Você somente pode dar aquilo que você é



Durante muito tempo acreditamos que na educação escolar somente poderíamos dar aos nossos alunos o que temos, ou seja, o conhecimento. Essa ideia ficou tão arraigada em nosso entendimento que quase não sofreu contestação e, aos poucos, a educação passou a ser confundida com o ensino, tanto que as escolas brasileiras passaram a ser oficialmente denominadas de unidades de ensino, e não de centros educacionais, e os professores passaram a ser instrutores, na ilusão de que estão na escola para ofertar ou para dar do seu conhecimento, do seu domínio intelectual para os alunos. Digo ilusão, pois se trata de um equívoco. Qualquer indivíduo, seja criança, jovem ou adulto, pode adquirir conhecimento por esforço próprio através dos livros, dos vídeos, da internet, da interação com outras pessoas, das experiências vivenciais. E quem foi que disse, e provou, que o ato de educar é a mesma coisa que o ato de ensinar? E quem disse, e igualmente provou, que é possível ensinar alguém quando esse alguém não está afim de conhecer?
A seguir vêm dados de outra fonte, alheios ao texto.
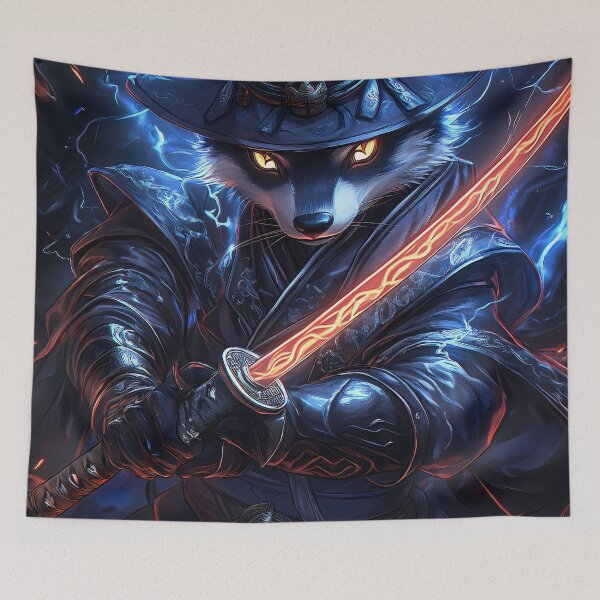 Item preview, Ronin Luminous Katana Electric Aura Skull Hat Night Assassin Mysterious designed and sold by Spraykart.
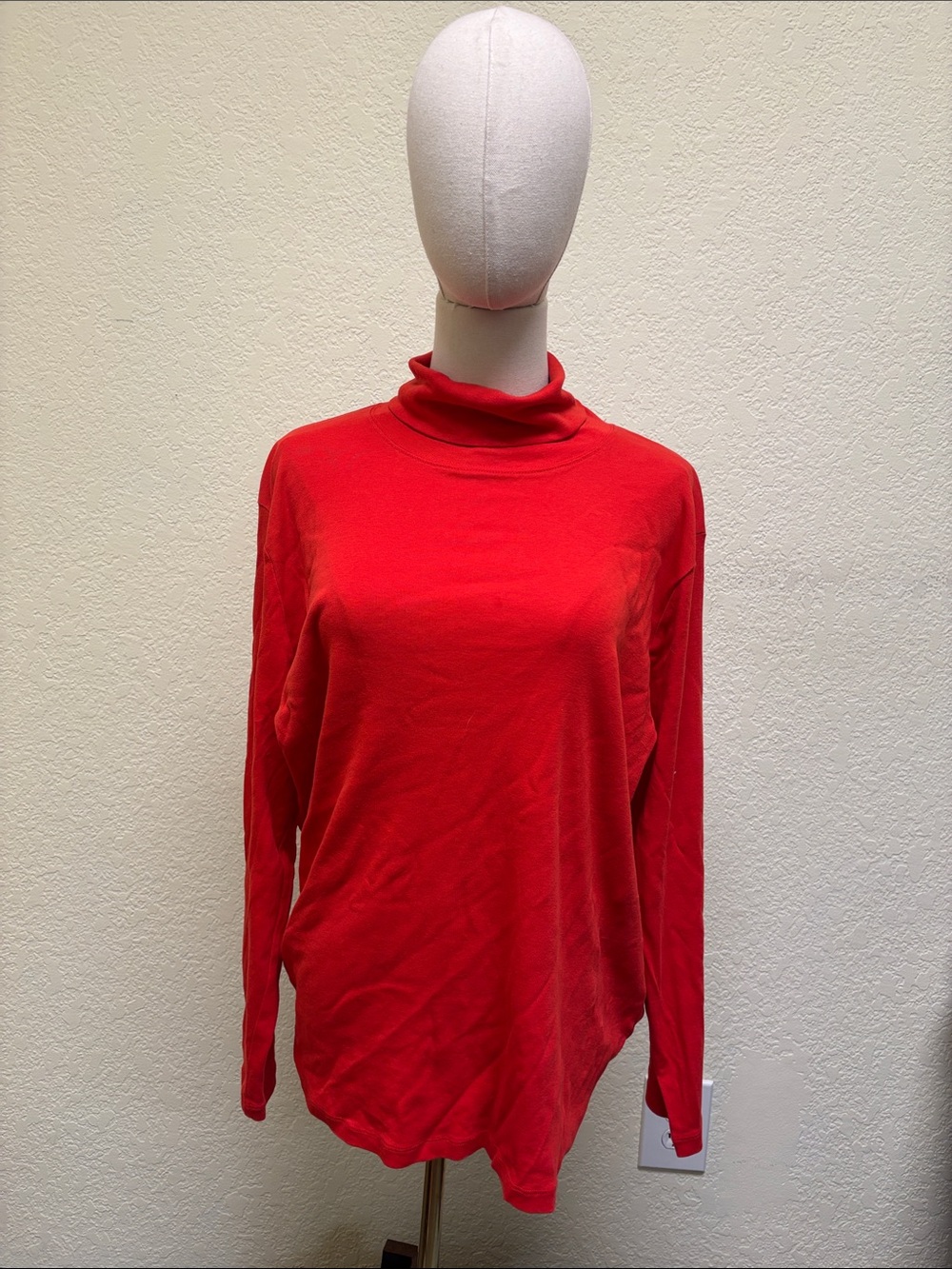 Jones New York Red Long Sleeve Turtleneck Top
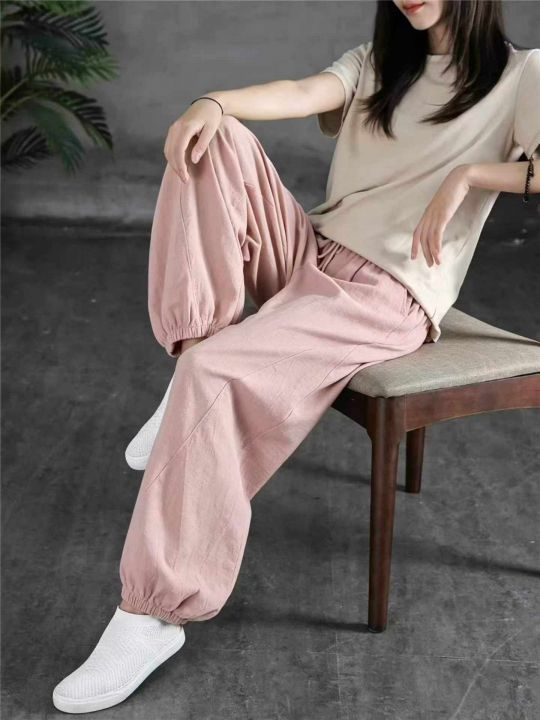 棉麻女装束脚休闲裤，
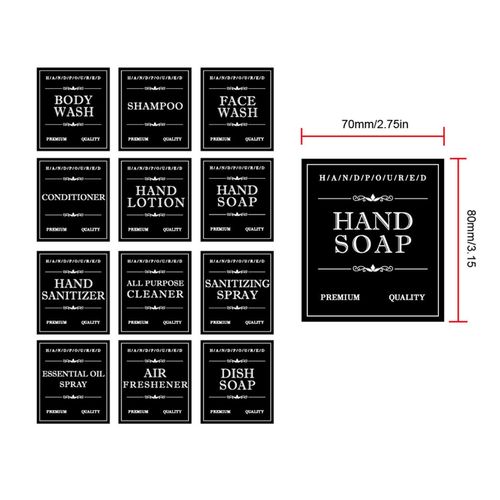 3 X 12 Pieces Waterproof Soap Labels 80mm*70mm Shampoo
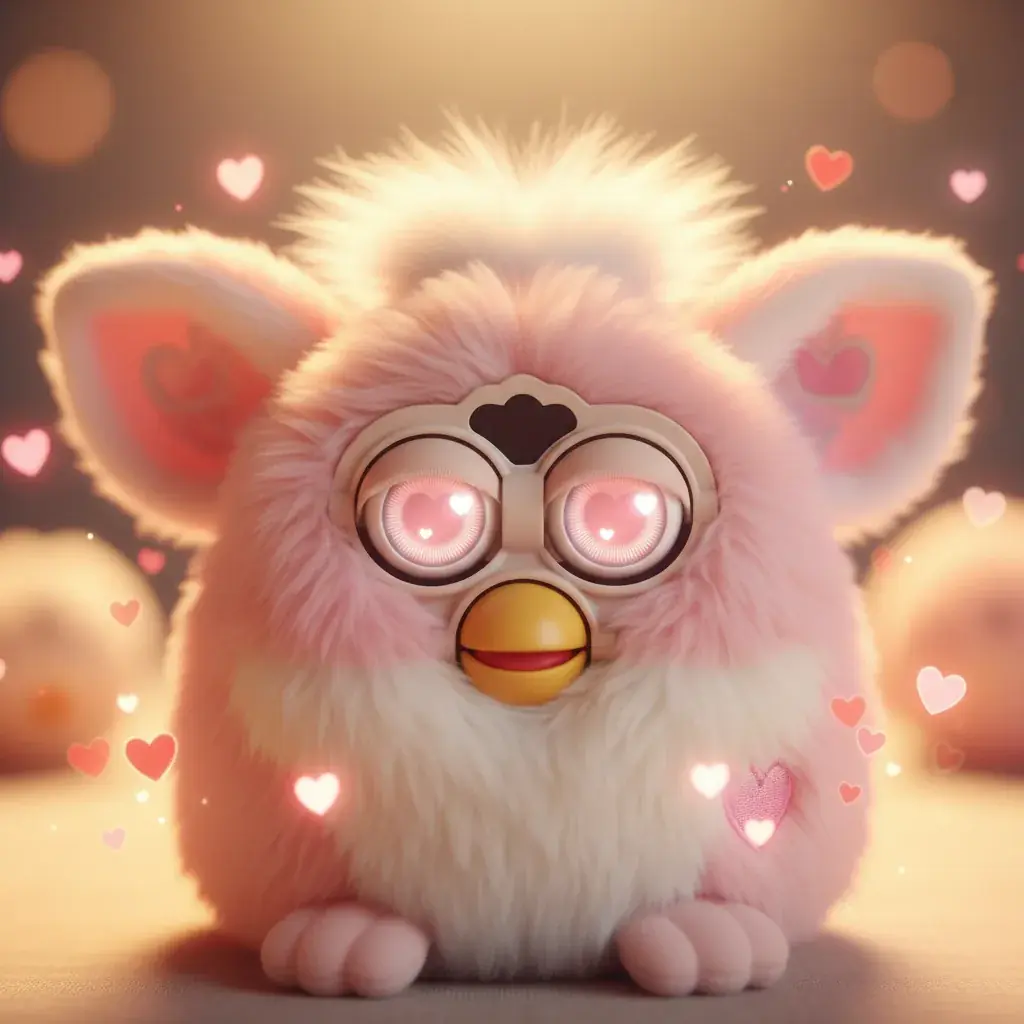 Sweet personality Furby with loving expression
A verdade é que o sistema de ensino, que remonta aos primórdios do século 19, quando formatamos a sala de aula com carteiras enfileiradas, alunos quietos e passivos, provas e notas, está falido, não serve mais. E podemos prová-lo: temos hoje aproximadamente 25 milhões de analfabetos funcionais em nosso Brasil, o que significa que são pessoas que passaram pela escola e não conseguiram desenvolver a leitura e a escrita, a interpretação básica de textos e as operações matemáticas formais. E estou falando apenas do aspecto cognitivo. O que dizer do aspecto emocional dessas pessoas? Isso é mais difícil porque muitos especialistas consideram essa área como subjetiva, não é possível mensurá-la estatisticamente. Como se afeto e amor pudessem ser metrificados. E o que dizer da aprovação automática, que oficialmente todos negam sua existência, mas que na prática existe, principalmente na escola pública, quando nos deparamos com alunos da 9ª série do ensino fundamental que são verdadeiros analfabetos?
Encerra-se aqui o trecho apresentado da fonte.